◆ Dataset records
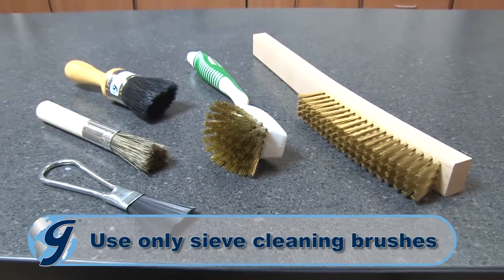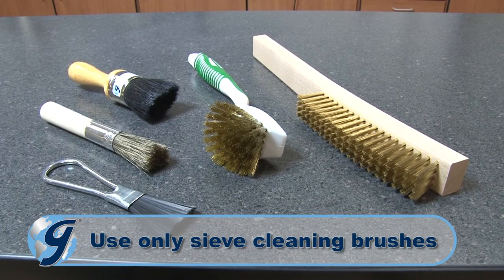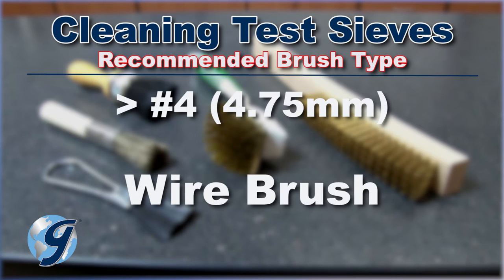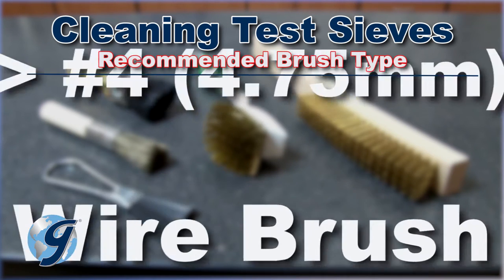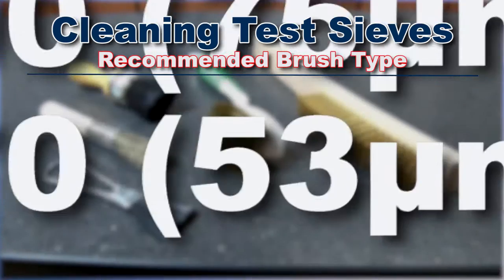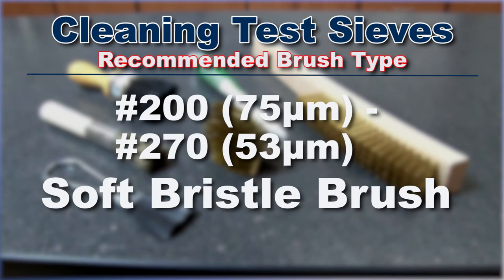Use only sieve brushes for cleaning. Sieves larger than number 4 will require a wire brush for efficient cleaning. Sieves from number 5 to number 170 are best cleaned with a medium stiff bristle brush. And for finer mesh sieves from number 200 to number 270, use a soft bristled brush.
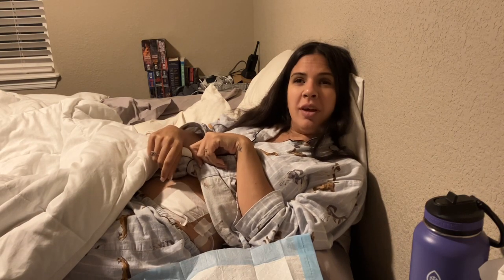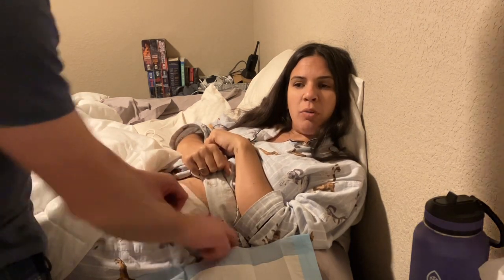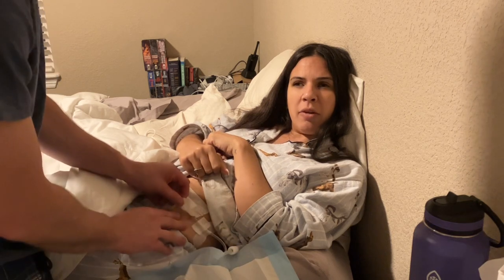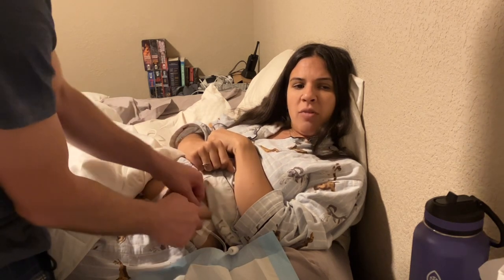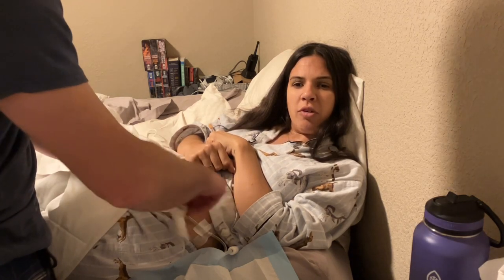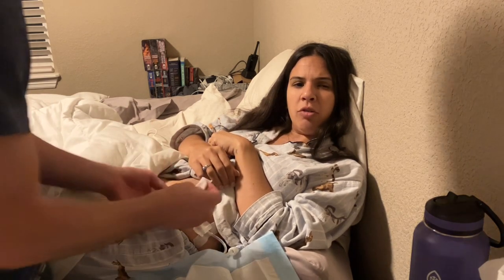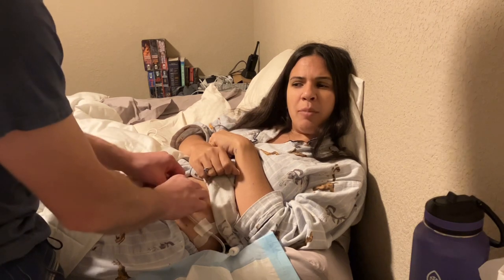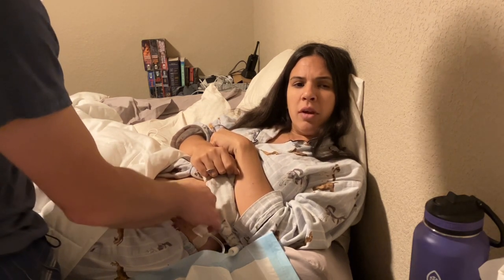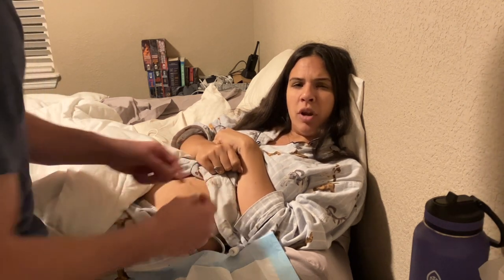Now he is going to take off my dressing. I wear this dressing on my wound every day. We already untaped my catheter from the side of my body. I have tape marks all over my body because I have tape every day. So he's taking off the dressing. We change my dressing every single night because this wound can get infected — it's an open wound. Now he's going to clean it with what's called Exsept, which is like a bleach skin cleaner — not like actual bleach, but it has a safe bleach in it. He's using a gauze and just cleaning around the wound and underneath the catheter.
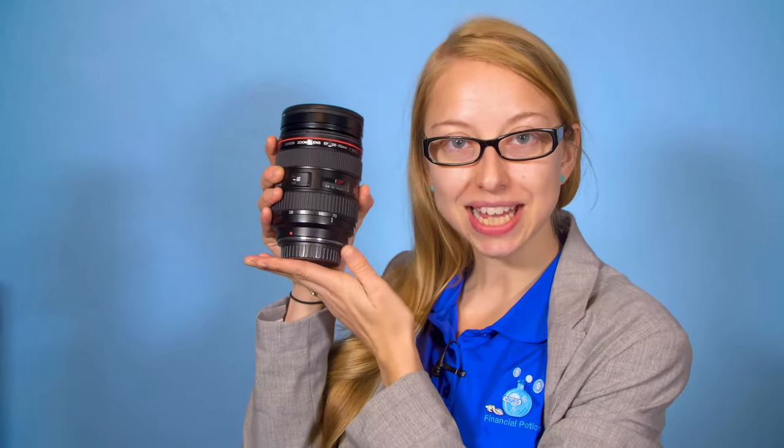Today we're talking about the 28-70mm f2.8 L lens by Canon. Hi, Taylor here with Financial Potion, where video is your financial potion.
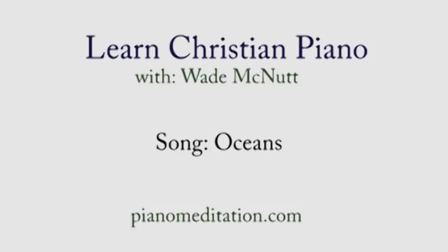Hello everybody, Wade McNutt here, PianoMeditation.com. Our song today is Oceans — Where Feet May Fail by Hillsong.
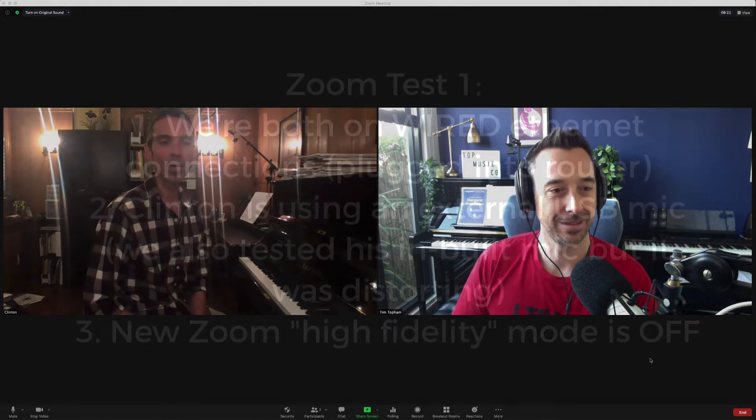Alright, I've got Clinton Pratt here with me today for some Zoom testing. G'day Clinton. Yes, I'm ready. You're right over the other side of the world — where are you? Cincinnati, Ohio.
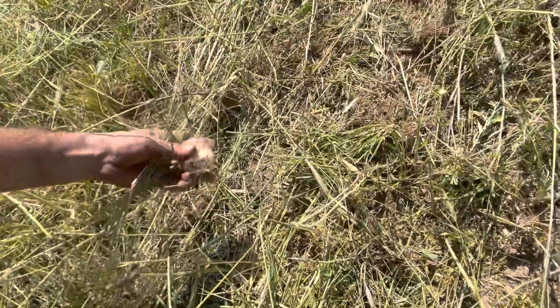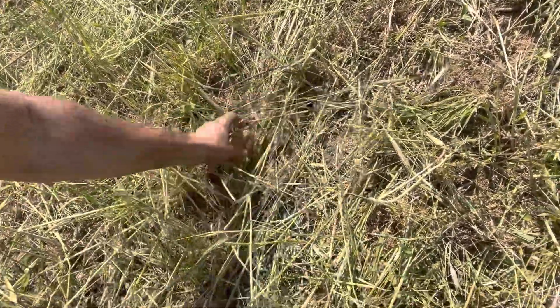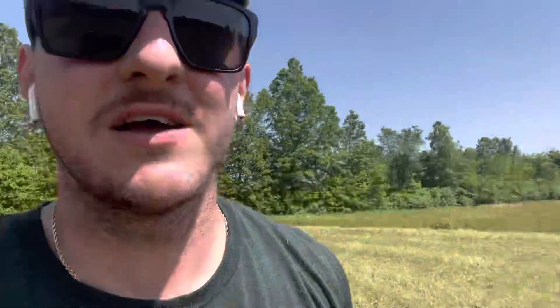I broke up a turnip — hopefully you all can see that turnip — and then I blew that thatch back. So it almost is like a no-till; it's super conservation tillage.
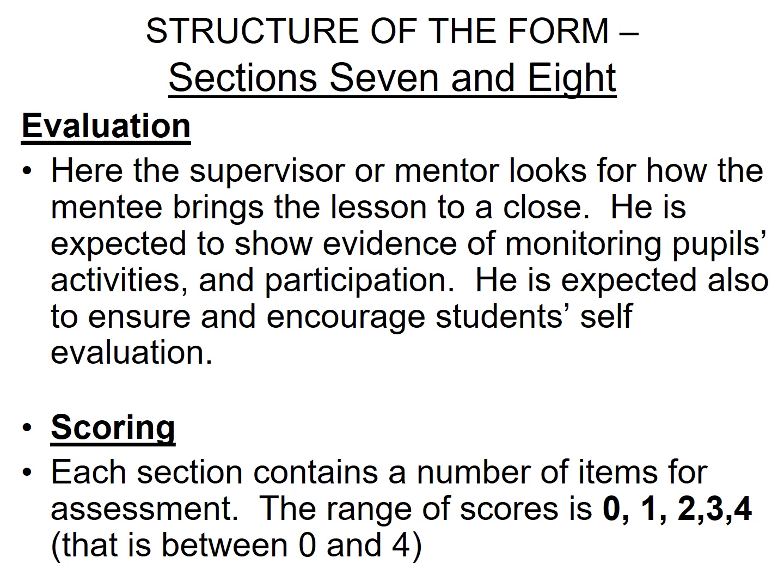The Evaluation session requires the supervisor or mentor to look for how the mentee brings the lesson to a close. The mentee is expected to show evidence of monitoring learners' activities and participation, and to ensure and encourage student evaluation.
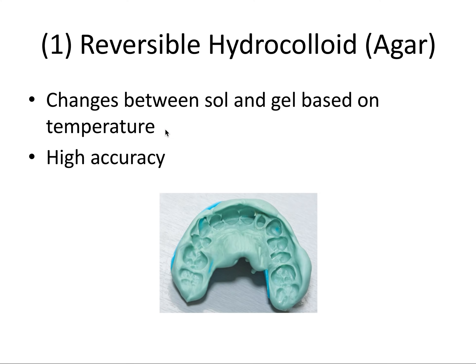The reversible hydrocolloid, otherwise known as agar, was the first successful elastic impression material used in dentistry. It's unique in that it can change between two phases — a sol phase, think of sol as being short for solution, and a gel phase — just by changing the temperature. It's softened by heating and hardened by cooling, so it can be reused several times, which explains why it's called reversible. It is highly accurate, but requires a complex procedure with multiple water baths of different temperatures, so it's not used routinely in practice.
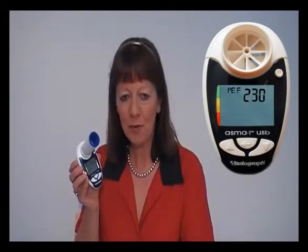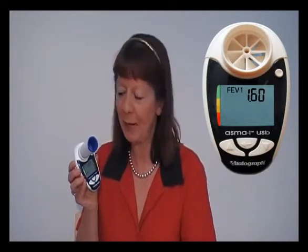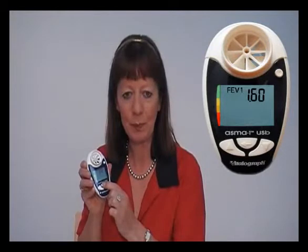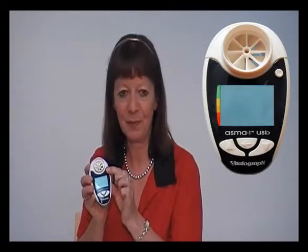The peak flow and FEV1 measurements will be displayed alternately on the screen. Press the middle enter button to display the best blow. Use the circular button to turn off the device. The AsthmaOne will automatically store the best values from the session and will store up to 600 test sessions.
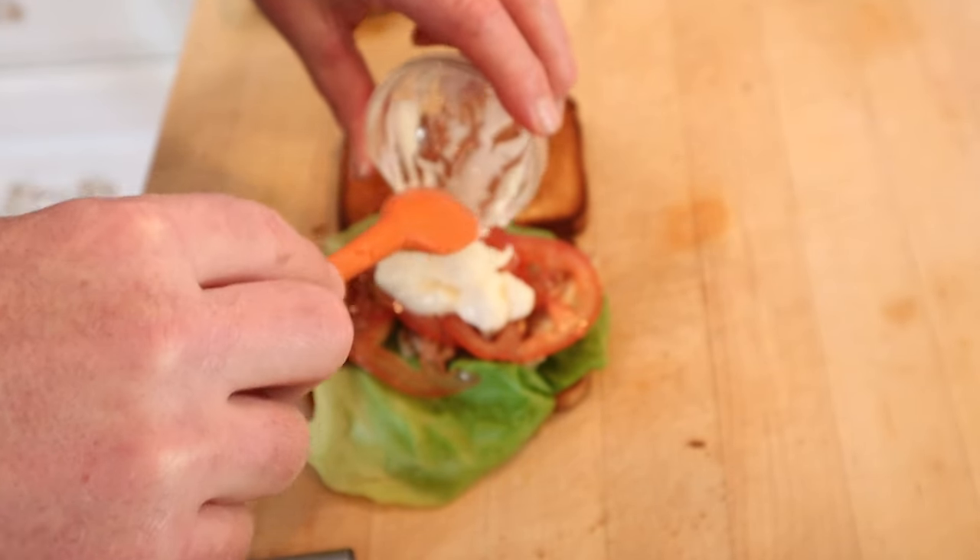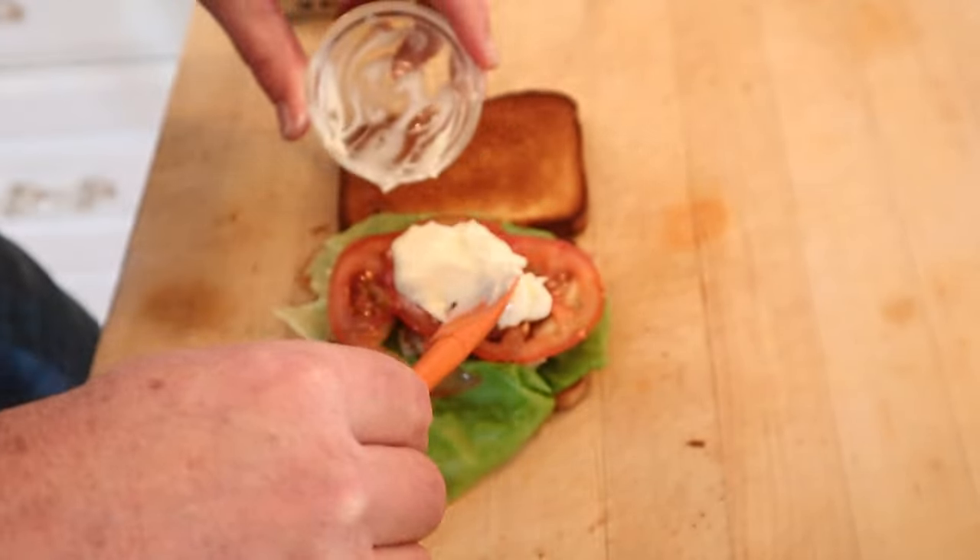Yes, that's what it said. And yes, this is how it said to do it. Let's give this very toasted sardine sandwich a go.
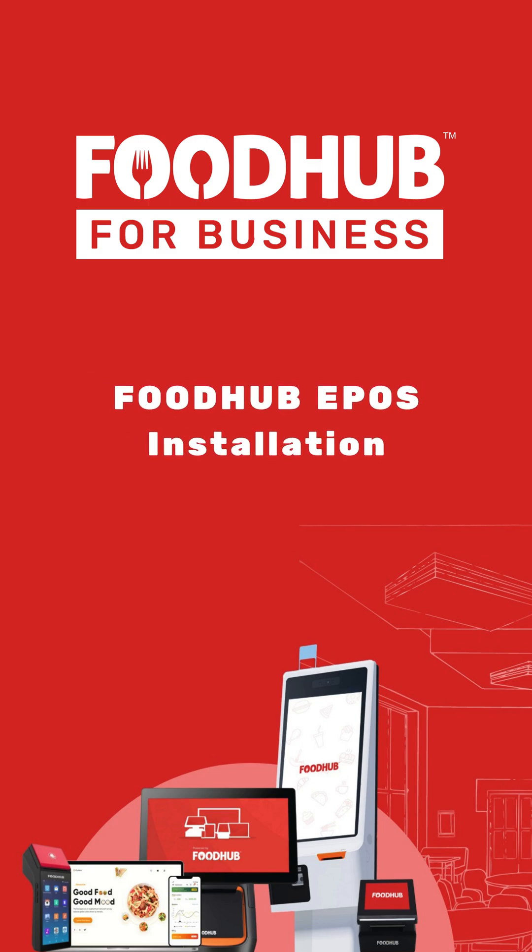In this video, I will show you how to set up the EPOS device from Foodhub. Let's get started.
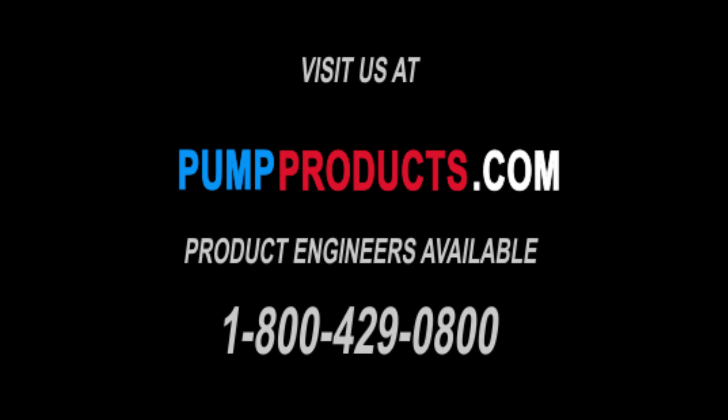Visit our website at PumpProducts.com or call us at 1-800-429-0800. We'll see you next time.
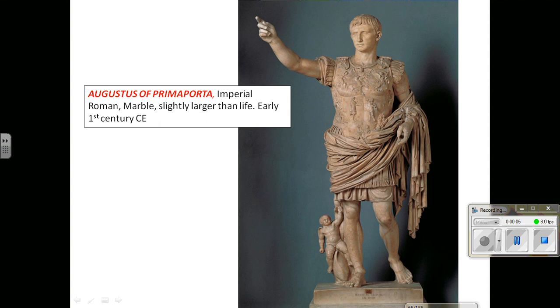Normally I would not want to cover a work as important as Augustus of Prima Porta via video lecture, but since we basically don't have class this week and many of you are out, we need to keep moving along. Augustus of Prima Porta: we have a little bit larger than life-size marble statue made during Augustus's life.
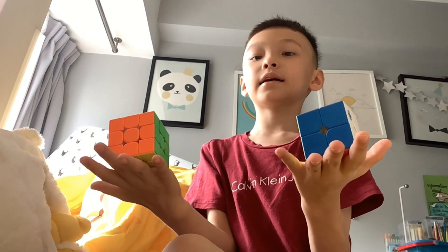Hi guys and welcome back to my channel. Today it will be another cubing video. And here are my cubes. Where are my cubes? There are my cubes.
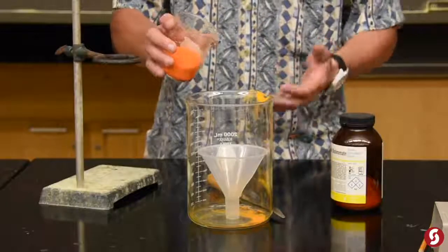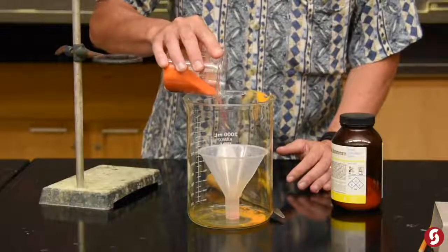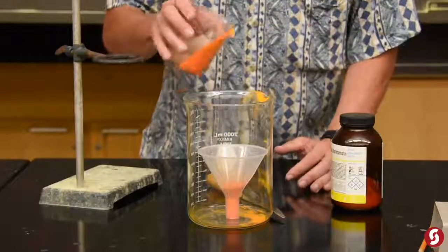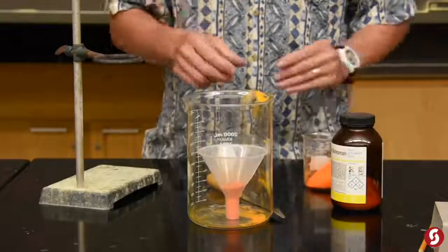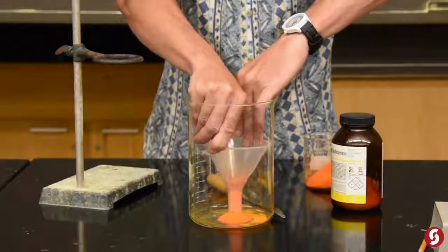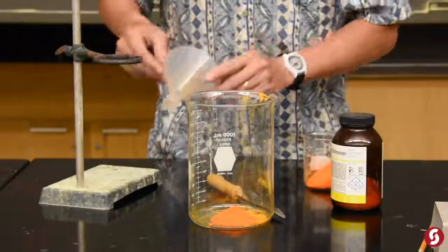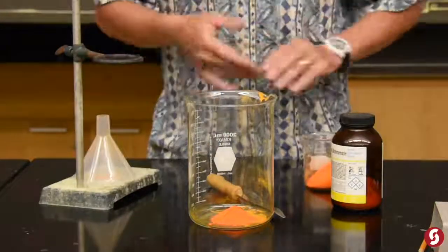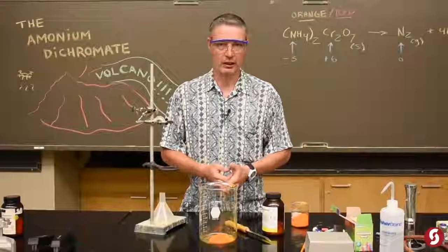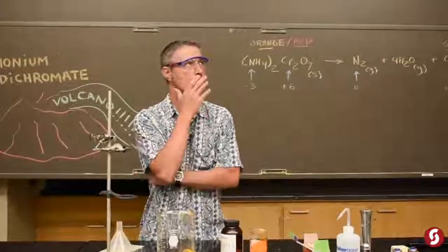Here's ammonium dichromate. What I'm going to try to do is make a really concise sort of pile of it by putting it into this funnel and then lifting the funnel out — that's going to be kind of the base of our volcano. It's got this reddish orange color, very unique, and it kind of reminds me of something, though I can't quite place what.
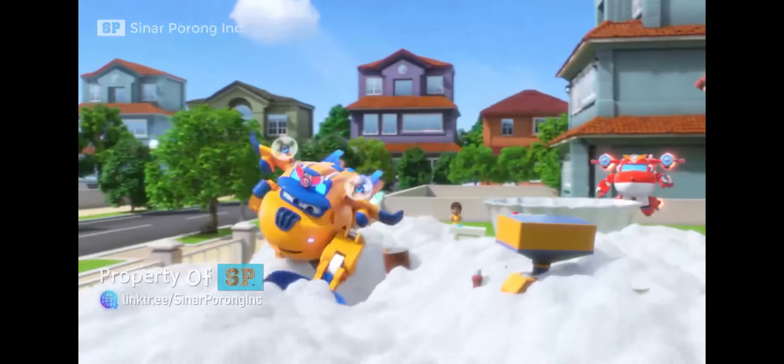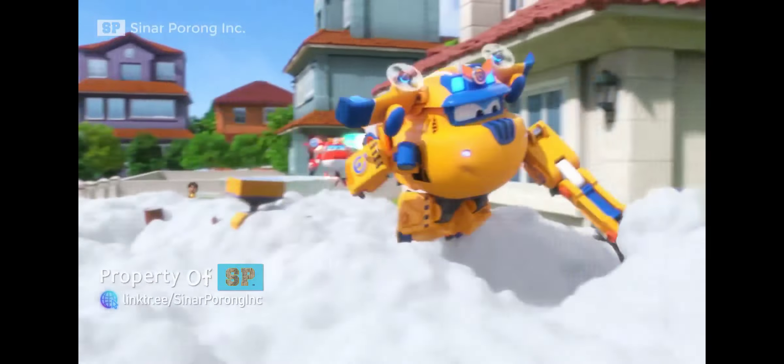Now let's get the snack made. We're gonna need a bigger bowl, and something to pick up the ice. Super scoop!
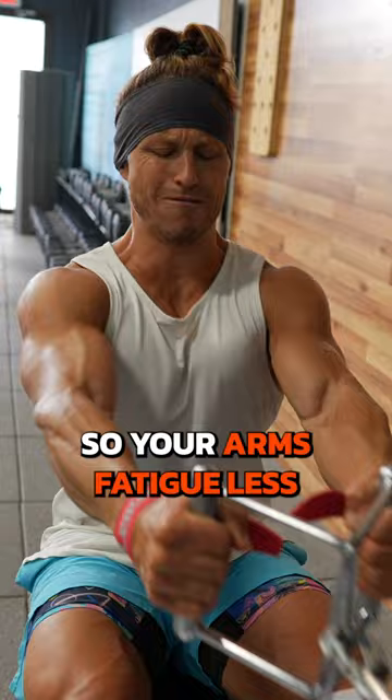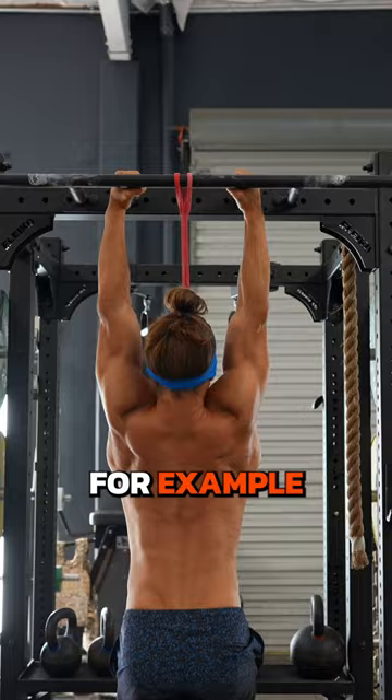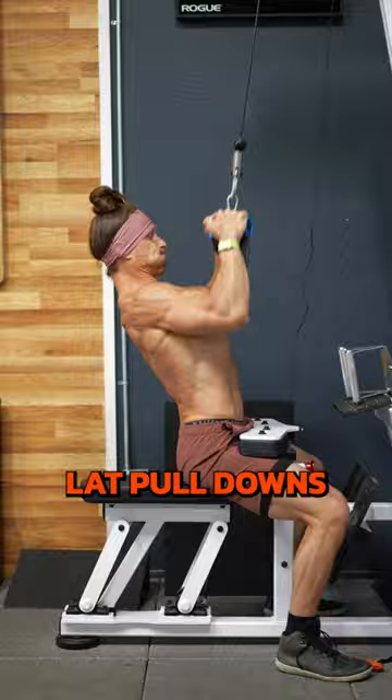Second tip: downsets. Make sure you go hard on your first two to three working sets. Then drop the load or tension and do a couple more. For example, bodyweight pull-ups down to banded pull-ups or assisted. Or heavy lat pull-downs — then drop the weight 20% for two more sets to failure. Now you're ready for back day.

◆ Task item
In your copy of the listing above, reproduce each line exactly and omit all pictures.

◆ Output for this exercise
Use only sieve brushes for cleaning. Sieves larger than number 4 will require a wire brush for efficient cleaning. Sieves from number 5 to number 170 are best cleaned with a medium stiff bristle brush. And for finer mesh sieves from number 200 to number 270, use a soft bristled brush.
Now he is going to take off my dressing. I wear this dressing on my wound every day. We already untaped my catheter from the side of my body. I have tape marks all over my body because I have tape every day. So he's taking off the dressing. We change my dressing every single night because this wound can get infected — it's an open wound. Now he's going to clean it with what's called Exsept, which is like a bleach skin cleaner — not like actual bleach, but it has a safe bleach in it. He's using a gauze and just cleaning around the wound and underneath the catheter.
Today we're talking about the 28-70mm f2.8 L lens by Canon. Hi, Taylor here with Financial Potion, where video is your financial potion.
Hello everybody, Wade McNutt here, PianoMeditation.com. Our song today is Oceans — Where Feet May Fail by Hillsong.
Alright, I've got Clinton Pratt here with me today for some Zoom testing. G'day Clinton. Yes, I'm ready. You're right over the other side of the world — where are you? Cincinnati, Ohio.
I broke up a turnip — hopefully you all can see that turnip — and then I blew that thatch back. So it almost is like a no-till; it's super conservation tillage.
The Evaluation session requires the supervisor or mentor to look for how the mentee brings the lesson to a close. The mentee is expected to show evidence of monitoring learners' activities and participation, and to ensure and encourage student evaluation.
The reversible hydrocolloid, otherwise known as agar, was the first successful elastic impression material used in dentistry. It's unique in that it can change between two phases — a sol phase, think of sol as being short for solution, and a gel phase — just by changing the temperature. It's softened by heating and hardened by cooling, so it can be reused several times, which explains why it's called reversible. It is highly accurate, but requires a complex procedure with multiple water baths of different temperatures, so it's not used routinely in practice.
The peak flow and FEV1 measurements will be displayed alternately on the screen. Press the middle enter button to display the best blow. Use the circular button to turn off the device. The AsthmaOne will automatically store the best values from the session and will store up to 600 test sessions.
Yes, that's what it said. And yes, this is how it said to do it. Let's give this very toasted sardine sandwich a go.
In this video, I will show you how to set up the EPOS device from Foodhub. Let's get started.
Visit our website at PumpProducts.com or call us at 1-800-429-0800. We'll see you next time.
Normally I would not want to cover a work as important as Augustus of Prima Porta via video lecture, but since we basically don't have class this week and many of you are out, we need to keep moving along. Augustus of Prima Porta: we have a little bit larger than life-size marble statue made during Augustus's life.
Hi guys and welcome back to my channel. Today it will be another cubing video. And here are my cubes. Where are my cubes? There are my cubes.
Here's ammonium dichromate. What I'm going to try to do is make a really concise sort of pile of it by putting it into this funnel and then lifting the funnel out — that's going to be kind of the base of our volcano. It's got this reddish orange color, very unique, and it kind of reminds me of something, though I can't quite place what.
Now let's get the snack made. We're gonna need a bigger bowl, and something to pick up the ice. Super scoop!
Second tip: downsets. Make sure you go hard on your first two to three working sets. Then drop the load or tension and do a couple more. For example, bodyweight pull-ups down to banded pull-ups or assisted. Or heavy lat pull-downs — then drop the weight 20% for two more sets to failure. Now you're ready for back day.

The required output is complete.